Mükemmeliyetçi olan Kubrick, film yapım sürecinin yazımdan düzenlemeye kadar birçok yönünü kontrolü altına aldı, filmleri üzerinde uzun araştırmalar yaptı ve sahneleme kısımlarında aktörleri ve diğer iş arkadaşlarıyla yakın koordinasyon içinde çalışarak özenli bir iş çıkarmaya çalıştı. Genellikle bir filmde aynı çekimin birkaç düzine tekrarını istemesi oyuncu kadrosu ile çatışmalara neden olurdu.
Aktörler arasında ortaya çıkan kötü şöhrete rağmen, Kubrick’in filmlerinin çoğu sinematografide yeni bir zemin hazırladı.

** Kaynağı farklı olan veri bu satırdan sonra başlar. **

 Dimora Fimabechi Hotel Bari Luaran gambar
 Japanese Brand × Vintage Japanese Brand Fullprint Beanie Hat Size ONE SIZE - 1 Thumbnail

2001: A Space Odyssey (1968)’in bilimsel gerçekçiliği ve yenilikçi özel etkileri sinema tarihinde emsalsizdi ve film ona ‘En İyi Görsel Efektler’de tek kişisel Oscar’ını kazandırdı. Steven Spielberg filme kendi kuşağının “büyük patlaması” adını verdi. Film şimdiye kadar yapılmış en başarılı filmlerden biri olarak kabul ediliyor.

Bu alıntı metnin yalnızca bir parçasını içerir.